“Es preferible que surja el escándalo a que se abandone la verdad” (San Bernardo de Claraval).
Si leemos atentamente en el Evangelio de San Juan las confrontaciones entre Jesús y los fariseos, constataremos que el Señor nunca se alejó ni un ápice de la verdad, aun sabiendo que sus palabras serían malinterpretadas y usadas en su contra.
El tesoro de la verdad es más valioso que una falsa armonía, en la que se pretende crear unidad sin prestar suficiente atención a la verdad como fundamento común.
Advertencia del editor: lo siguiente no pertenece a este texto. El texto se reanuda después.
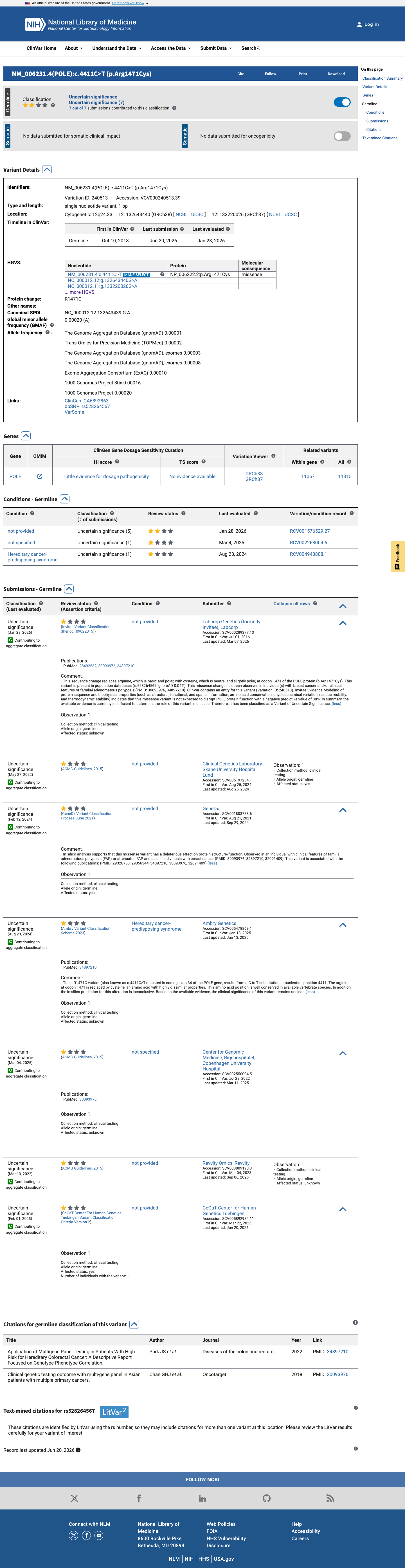 ClinVar screenshot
Si nuestro Padre Celestial nos dice a través de su Hijo que Él mismo es la verdad (Jn 14,6), entonces toda palabra que sale de su boca es veraz y nosotros, los hombres, estamos llamados a seguirla. Esta verdad no siempre es cómoda, porque quiere ahuyentar las tinieblas de nuestra alma y permitir que la luz de Dios penetre en nosotros. Si se encuentra con engaños y mentiras que aún persisten en nuestro interior, entonces querrá disolverlos.
San Agustín nos dirige una frase similar: “Es mejor amar con severidad que engañar con dulzura.”
Aquí queda claro que el amor a la verdad es un gran bien. Éste compromete a la persona a ponerse a su servicio, estando incluso dispuesta a aceptar contrariedades por su causa. De esta manera, la persona se vuelve recta y fiable. Al mismo tiempo, se trata también de un verdadero servicio a Dios, porque no se trata de “mi propia verdad” que acomodo a mi conveniencia para poder resistir ante ella. Toda mentira y todo fingimiento son ajenos a nuestro Padre Celestial y desfiguran el ser del hombre.
Todo esto se aplica especialmente cuando se trata de la verdad en materia religiosa: “Pues vendrá un tiempo en que no soportarán la sana doctrina, sino que se rodearán de maestros a la medida de sus pasiones para halagarse el oído. Cerrarán sus oídos a la verdad y se volverán a los mitos” (2Tim 4,3-4).